In the immortal words of Michael Eckman (David Krumholtz) from 10 Things I Hate About You:

This season of Grimm began by uniting the rest of the team behind Nick Burkhardt in a way they’d never banded together before—with him kidnapped and under some kind of voodoo spell—and then returned a supercharged Nick as an inexplicably empowered leader. (Seriously, the show never bothered to explain anything related to what happened.) That unification grew stronger over the course of the season, with Renard leading Nick and Hank on the police side, while Nick oversaw and increasingly complementary team whenever he had to take matters into his own hands.

This show still isn’t focused; it progresses haphazardly through clumsy development, forgets huge swaths of its own mythology for months at a time before allowing it to resurface without warning But this last batch of episodes, from about Adalind giving birth through last week, had a clear story to play out even when other individual cases dominated a single week. I laugh at the ridiculous things that happen out of Grimm because it has endeared itself to me with good-natured humor to deflate the pompous stoicism of the mythology.

Well, two steps forward and one step back has become the narrative standard for Grimm. Sure, there’s a promising new character and overall progress with the entirely accidental and unearned discovery of a new key. But it comes at the cost of Nick’s Grimm powers, which kickstarts the third season with a quest to either go after born-again Hexenbiest Adalind—who has retreated to Europe where she still won’t find her child with the royals, continuing that plotline as well—or figuring out another way to reinstate his abilities (which may or may not be supercharged like they were after his Baron Samedi coma). All that, instead of, I don’t know, any other quest that would lead the team after more keys, or in direct conflict with the royals.

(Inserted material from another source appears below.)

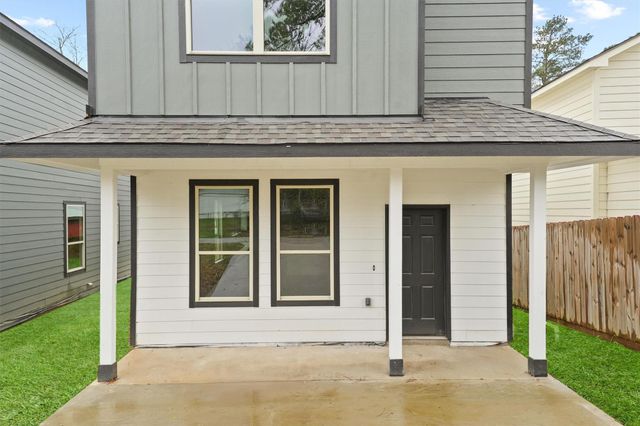 11964 Canal Street, Willis, TX 77318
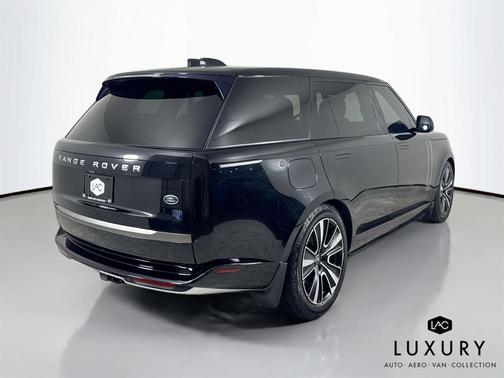 2023 Land Rover Range Rover P530 SE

It looks like Jacqueline Toboni will be sticking around for a bit longer, given that she’s now the only functional Grimm in Portland. The Grimm tally has constantly changed over this final stretch, what with Kelly swinging in for an arc, Trubel’s emergence, and then last week’s brief appearance of another Grimm outside the Burkhardt family. And now she’s the lone Grimm standing, with a guest star dead after a prolonged illness and Nick suddenly without the powers that served as the impetus for the entire show. Grimm doesn’t even run on all cylinders with Nick at the height of his powers, still working out unknown areas of his character at the end of three seasons. Which makes the choice to take them away and examine who he is, how he goes about living out his ancestor’s mission, and how his team of friends and colleagues look at him all the more puzzling.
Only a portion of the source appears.